This is
Event planning organizations face challenges when planning outdoor events due to unpredictable weather conditions. By leveraging weather data, these organizations can make informed decisions, optimize event schedules, and ensure better customer experiences. This project aims to create an ETL (Extract, Transform, Load) pipeline to collect, process, and visualize weather data to assist event planners in making data-driven decisions
- Collect weather data from an external API.

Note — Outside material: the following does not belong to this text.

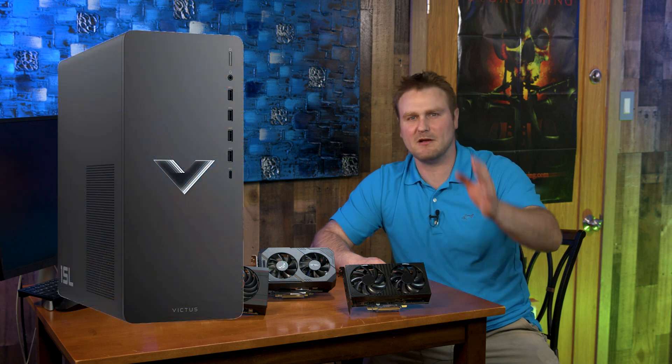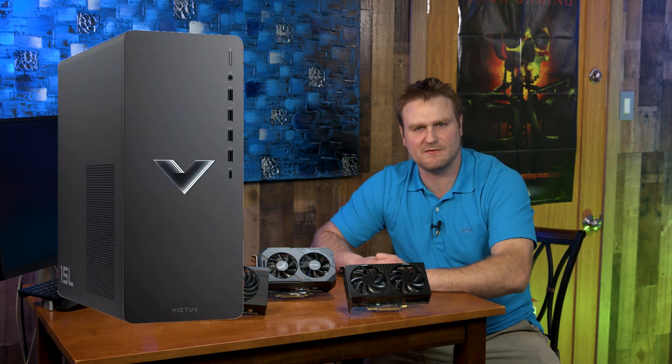Good evening, this is TechNetwood and I'm going to bring you a video about the HP Victus 15L and the TG-01. We're going to list all the GPUs you can fit inside and that the power supplies will manage to push. Because you know they're about to die — just kidding, your computer is really not doing that.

- Transform and clean the data for analysis.
- Load the processed data into a PostgreSQL database.
- Create visualizations to provide insights into weather patterns.
- Schedule and automate the entire ETL process using Apache Airflow.
This project focuses on building a robust and automated ETL pipeline using Python, Docker, PostgreSQL, and Apache Airflow, and visualizing the processed data using Matplotlib.
Ensure you have the following installed:
- Docker (including Docker Compose)
- Python 3.7+
- Airflow (included Here)
git clone https://github.com/yourusername/weather-etl-pipeline.git
cd weather-etl-pipeline
pip install -r requirements.txt
Create a .env file in the root directory and add the necessary environment variables:
API_KEY=your_api_key
SMS_API_KEY=your_sms_api_key
SMS_RECIPIENT=recipient_number
POSTGRES_USER=your_postgres_user
POSTGRES_PASSWORD=your_postgres_password
POSTGRES_DB=your_database_name
docker-compose up -d
airflow db init
airflow users create \
--username admin \
--firstname FIRST_NAME \
--lastname LAST_NAME \
--role Admin \
--email [email protected]
In separate terminals, run the following commands:
airflow scheduler
airflow webserver -p 8080
- Copy your DAG script (weather_data_pipeline_dag.py) to the Airflow DAGs folder (~/airflow/dags).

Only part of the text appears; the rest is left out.